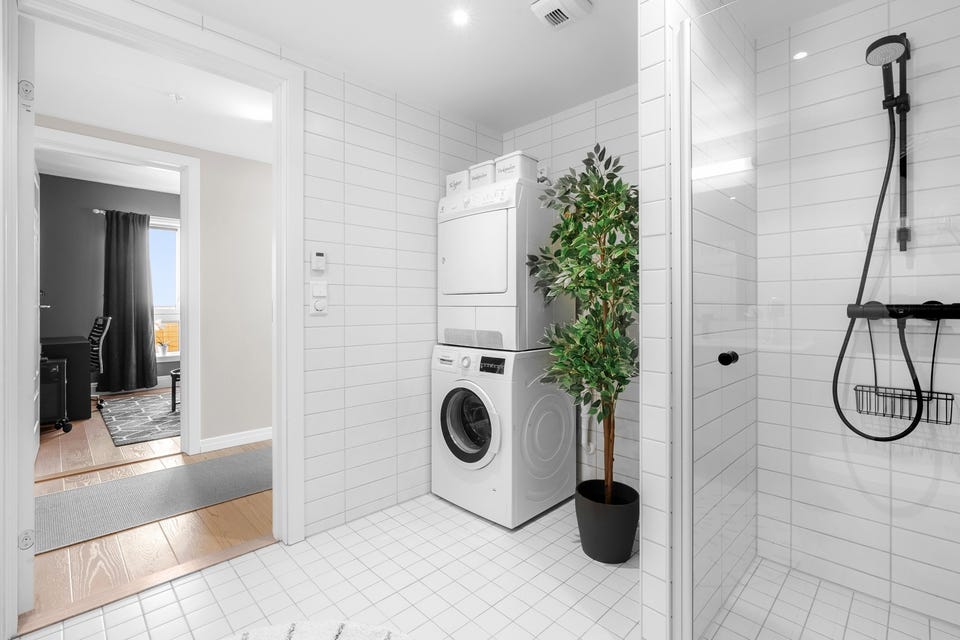 Badet inneholder vegghengt servantskap, speil over servant, dusjnisje med glassdør og innebygget sisterne med vegghengt klosett.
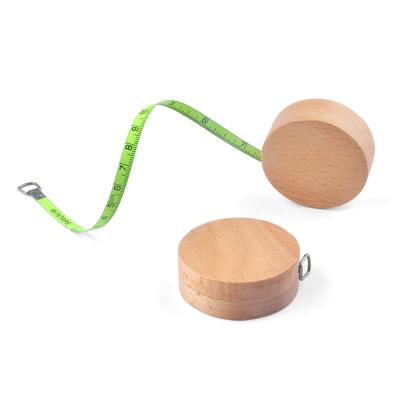 China Geometric Shape Metal Retractable Tape Measure 6ft 2m With Maple Wood Housing for sale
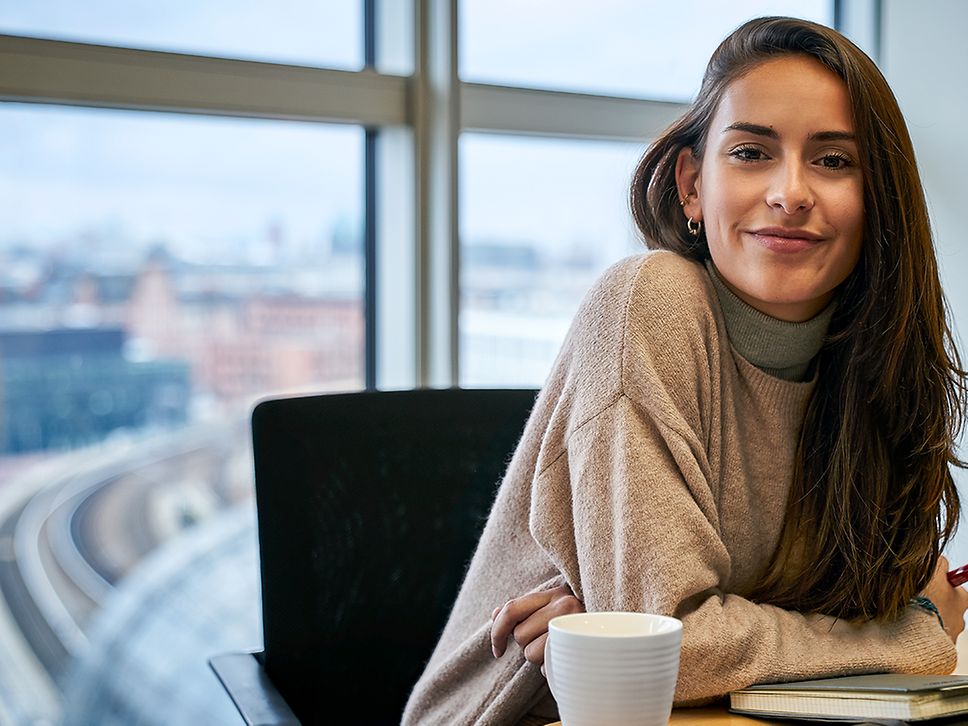 Eine Praktikantin sitzt in einem Büro am Schreibtisch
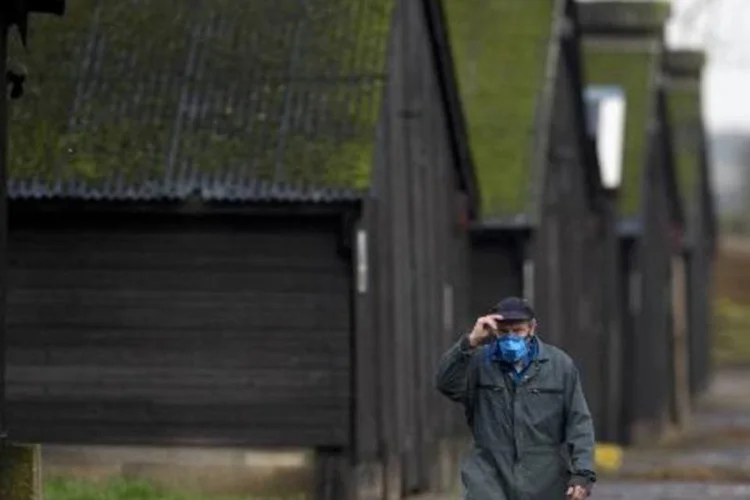 Homem vestindo uma máscara caminha em uma fazenda onde um caso de gripe aviária foi registrado, na cidade britânica de Nafferton (Oli Scarff/AFP)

Task prompt:
For this task, give the full listing again verbatim and keep out every picture.

Written response:
 Badet inneholder vegghengt servantskap, speil over servant, dusjnisje med glassdør og innebygget sisterne med vegghengt klosett.
 China Geometric Shape Metal Retractable Tape Measure 6ft 2m With Maple Wood Housing for sale
 Eine Praktikantin sitzt in einem Büro am Schreibtisch
 Homem vestindo uma máscara caminha em uma fazenda onde um caso de gripe aviária foi registrado, na cidade britânica de Nafferton (Oli Scarff/AFP)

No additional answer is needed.